_Exercise objective_
If an entry below contains an image, drop the image and retype the rest exactly.

_The records_
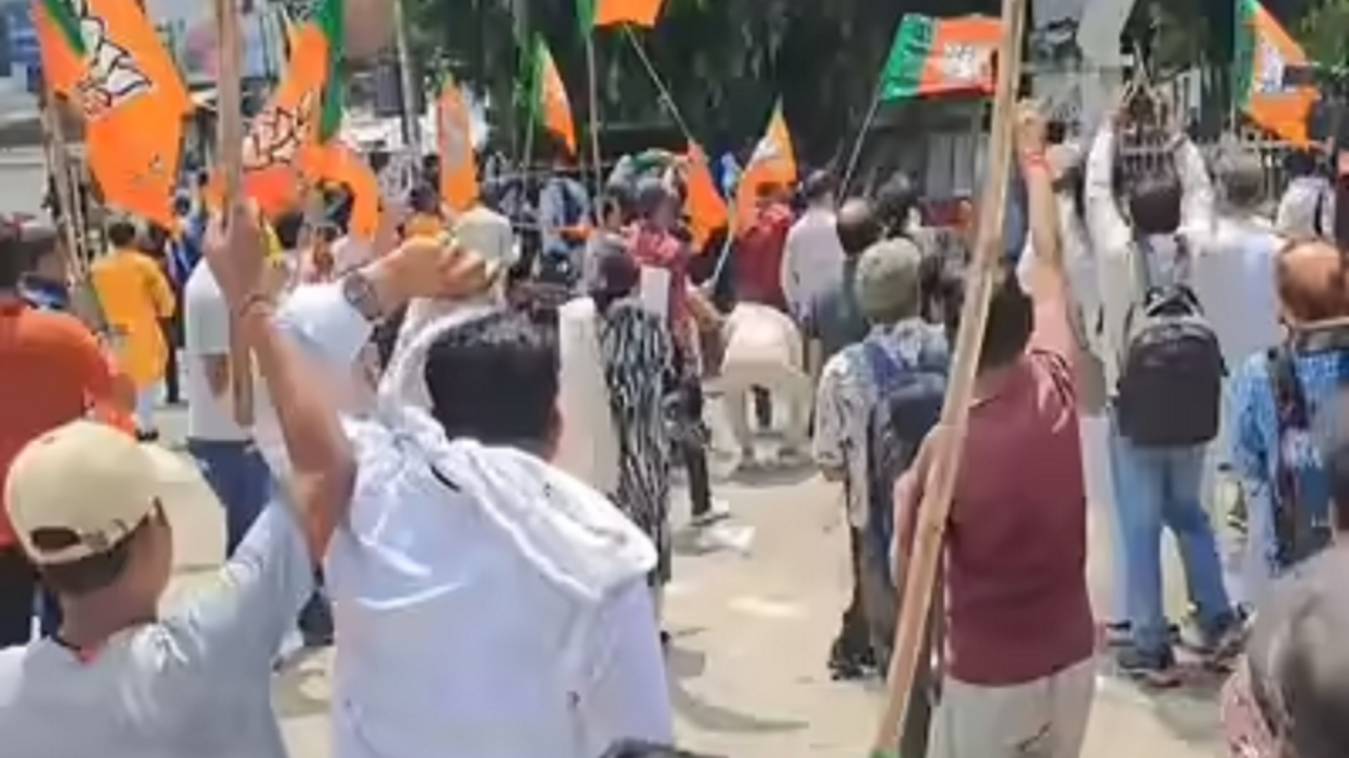 पटना में हंगामा: राहुल गांधी की यात्रा में PM को गाली देने पर बवाल, कांग्रेस-बीजेपी आमने-सामने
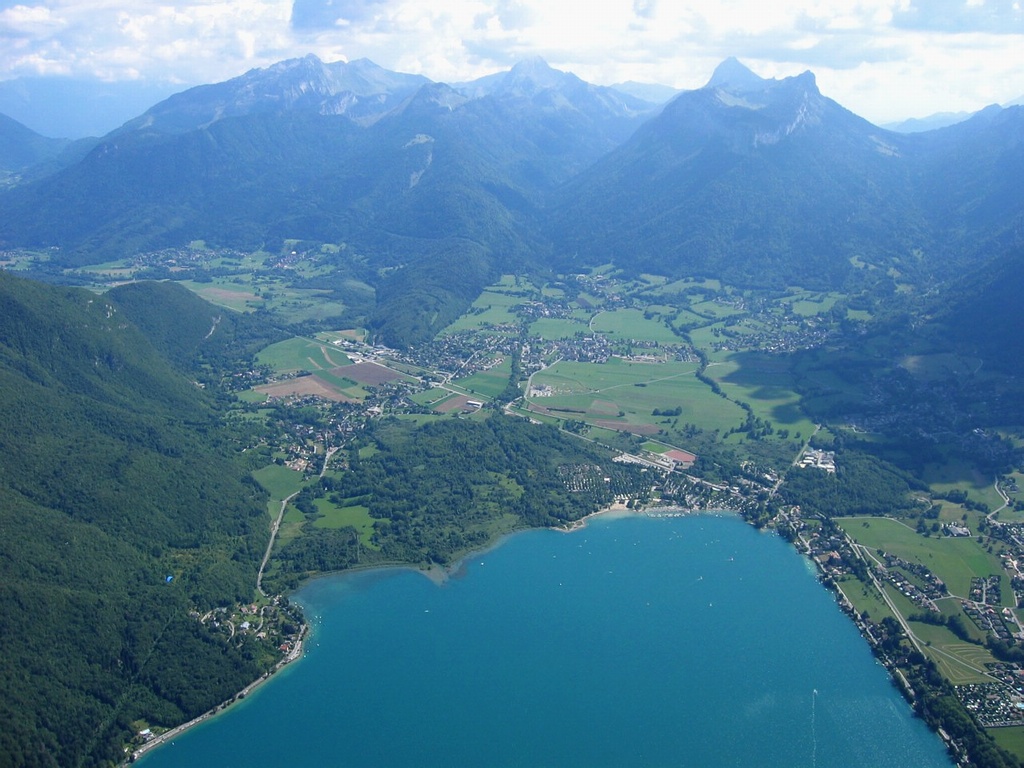 https://mdw-travel-data-us-east-1.s3.amazonaws.com/img/country/France/Natural-Reserve-of-Doussard/img_05.jpg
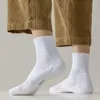 Chaussettes masculines tube moyen de serviette anti -kide inférieur de coton absorption de basket-ball sportif standard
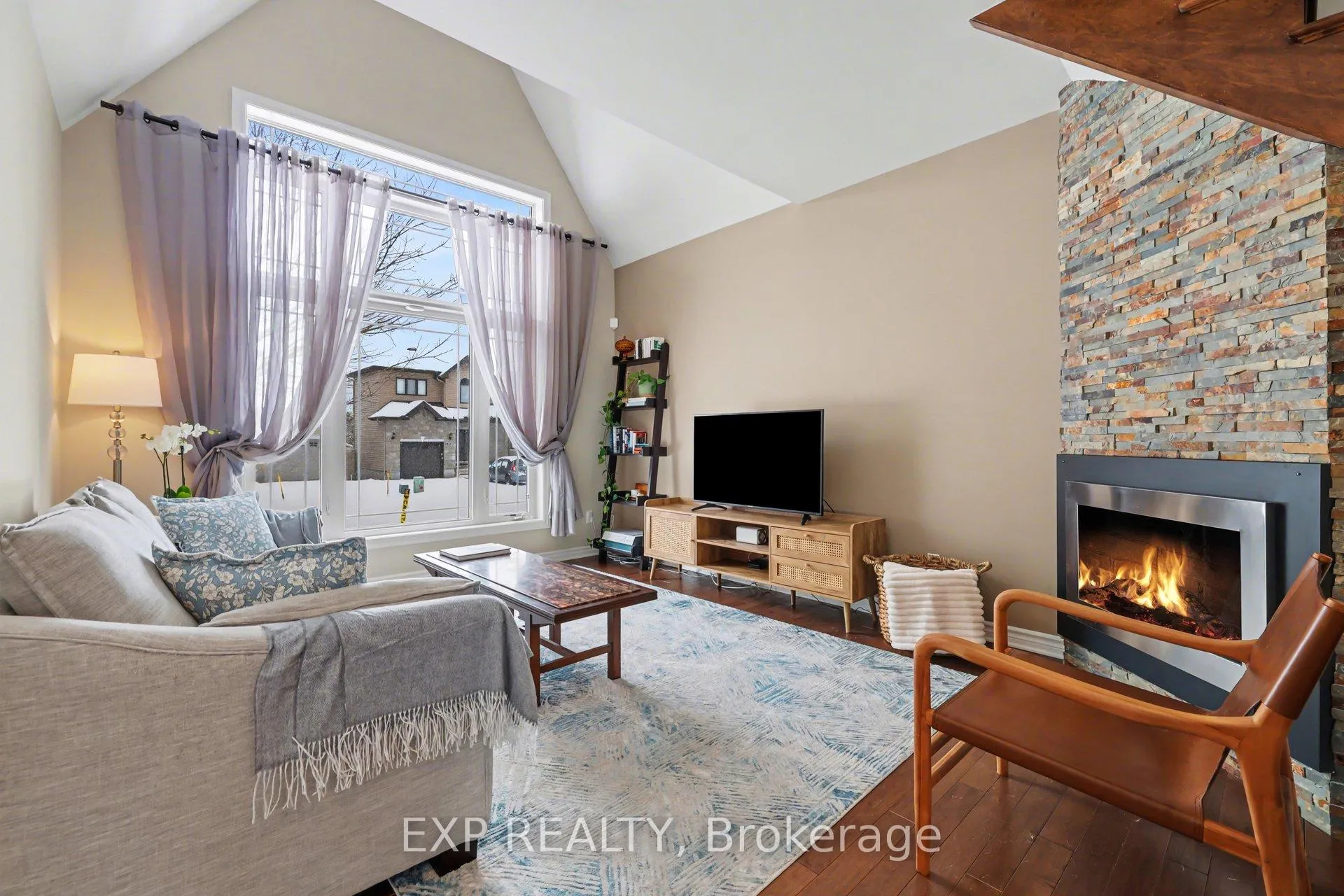 Photo 6 of 159 Loreka Court, Ottawa, Stittsville (North) — HOMEH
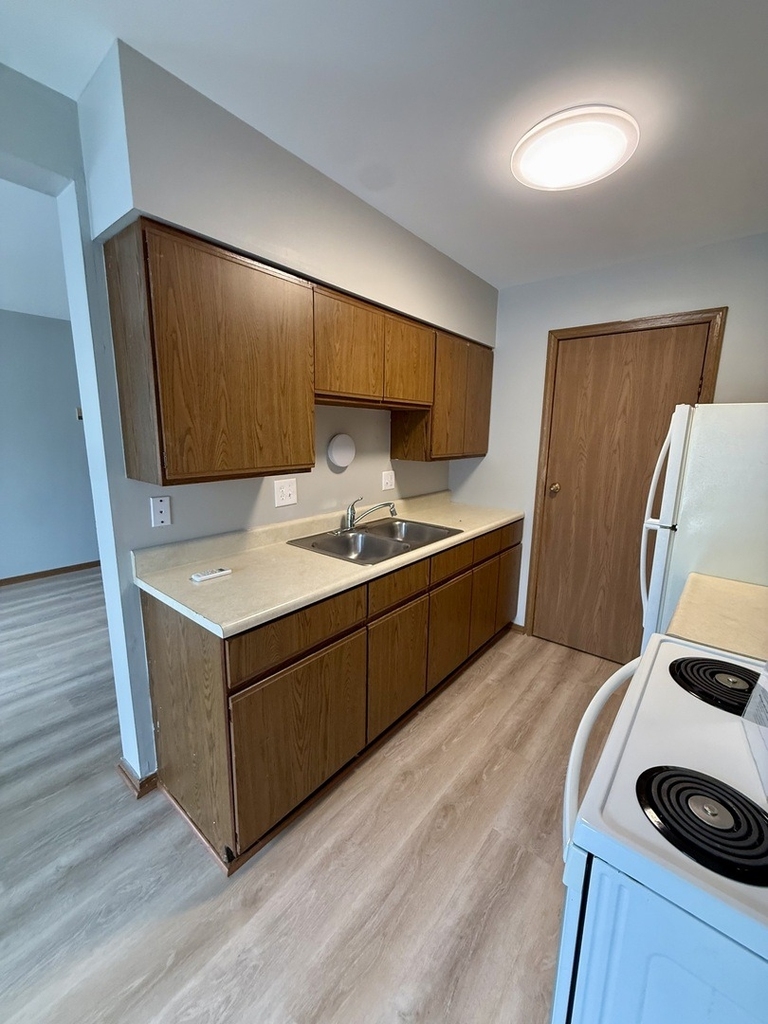 405 E Reed Street - Photo 2
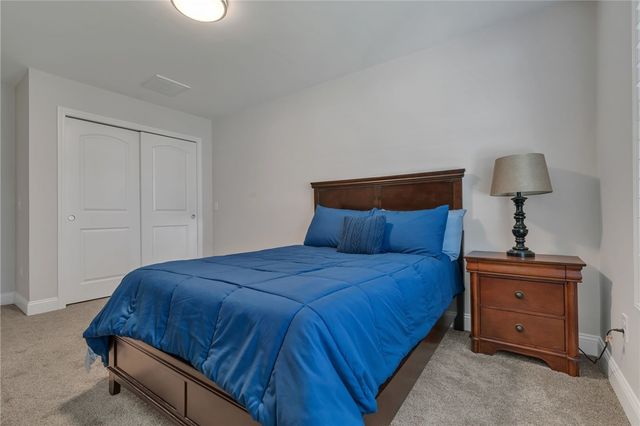 28 Ashley Street, Cranston, RI 02920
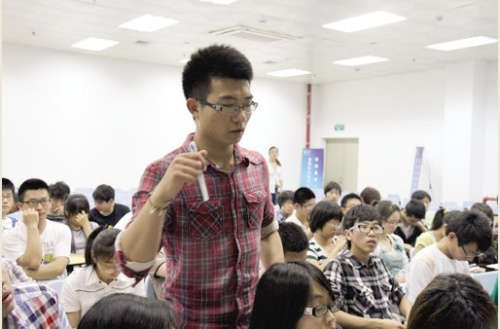 怎么在学校里创业 10536831_074237.jpg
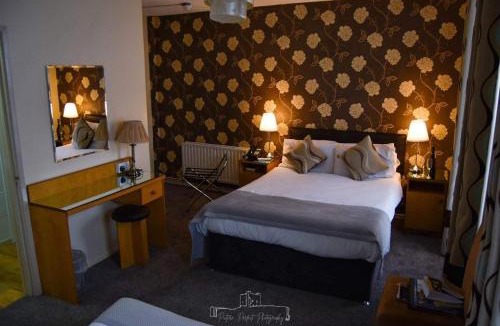 Carrickfergus Hotel | Dobbins Inn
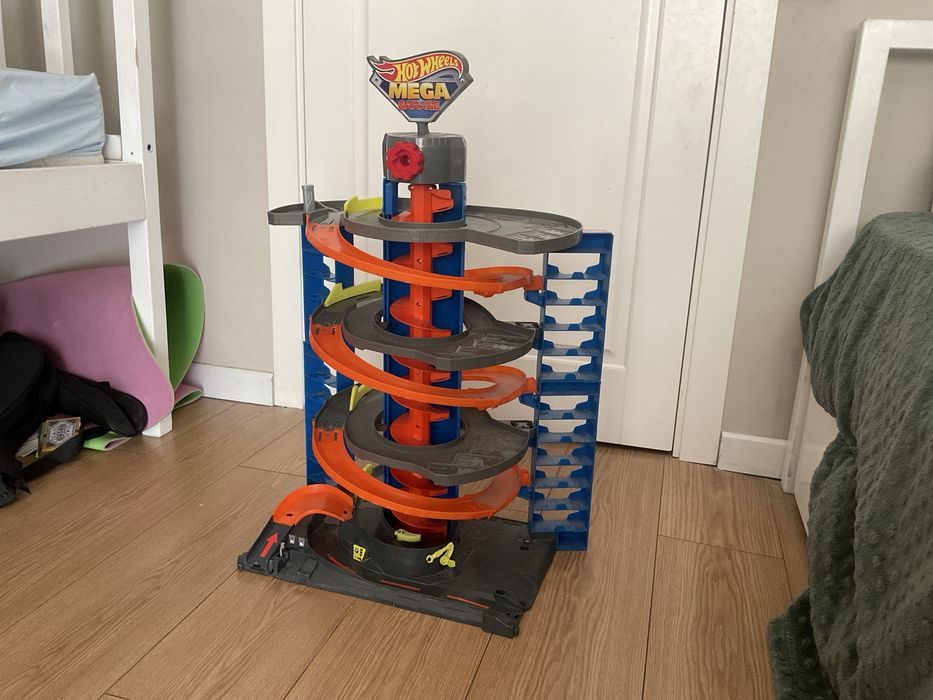 Продам Hot Wheels Mega Garage в отличном состоянии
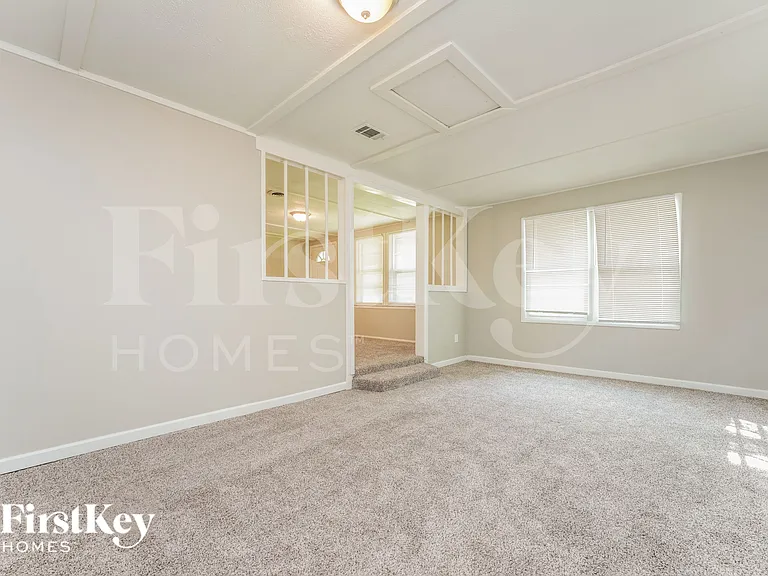 1078 W Adrian Cir SW — Photo 2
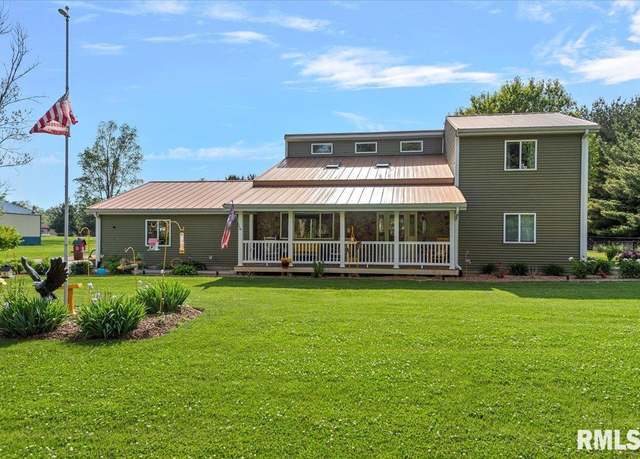 Property at 4101 N 8th St, Springfield, IL 62707-8471, 3 beds, 3 baths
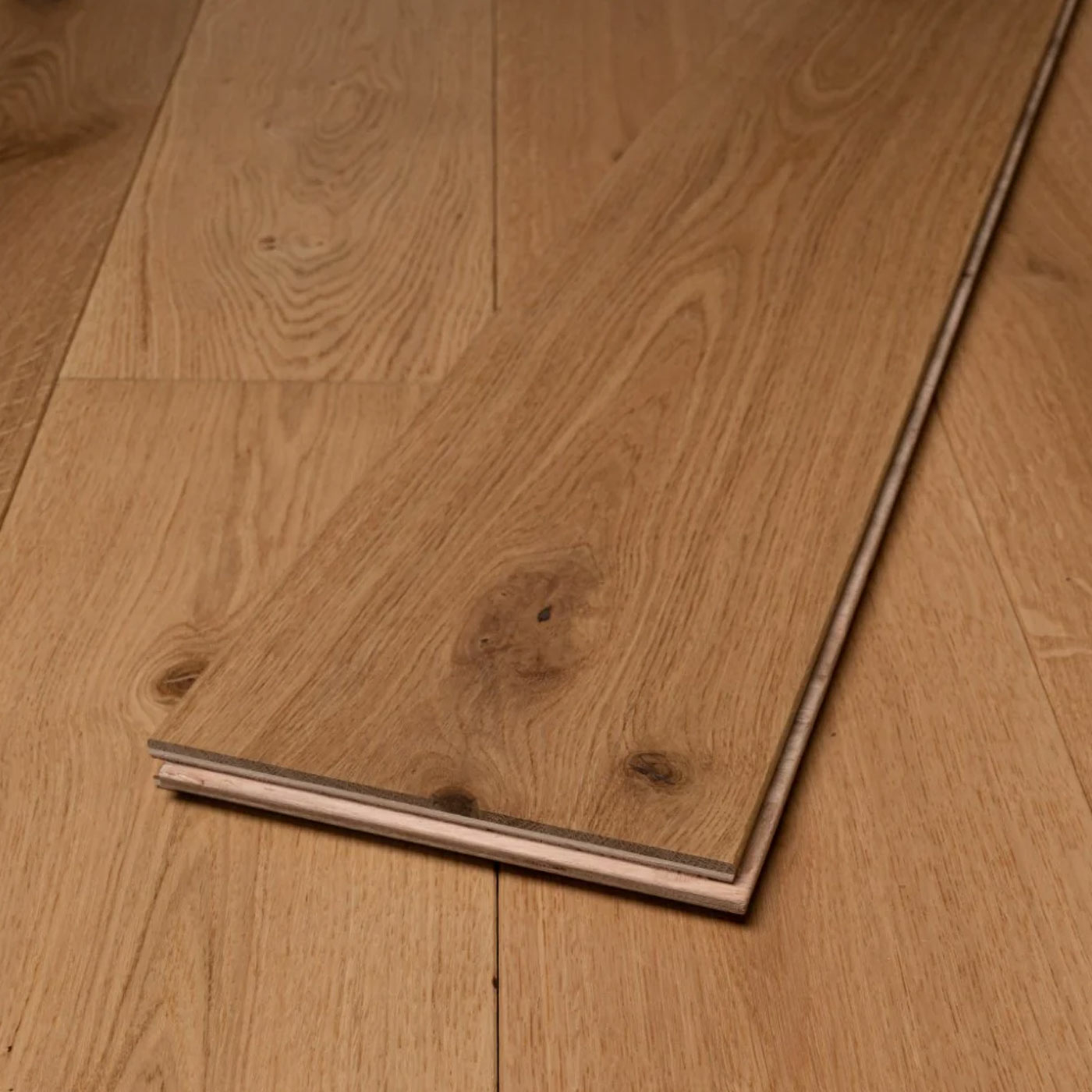 Tradition Engineered Oak Flooring Rustic, Lacquered, 190x20x1900mm Image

_Problem solution_
 पटना में हंगामा: राहुल गांधी की यात्रा में PM को गाली देने पर बवाल, कांग्रेस-बीजेपी आमने-सामने
 https://mdw-travel-data-us-east-1.s3.amazonaws.com/img/country/France/Natural-Reserve-of-Doussard/img_05.jpg
 Chaussettes masculines tube moyen de serviette anti -kide inférieur de coton absorption de basket-ball sportif standard
 Photo 6 of 159 Loreka Court, Ottawa, Stittsville (North) — HOMEH
 405 E Reed Street - Photo 2
 28 Ashley Street, Cranston, RI 02920
 怎么在学校里创业 10536831_074237.jpg
 Carrickfergus Hotel | Dobbins Inn
 Продам Hot Wheels Mega Garage в отличном состоянии
 1078 W Adrian Cir SW — Photo 2
 Property at 4101 N 8th St, Springfield, IL 62707-8471, 3 beds, 3 baths
 Tradition Engineered Oak Flooring Rustic, Lacquered, 190x20x1900mm Image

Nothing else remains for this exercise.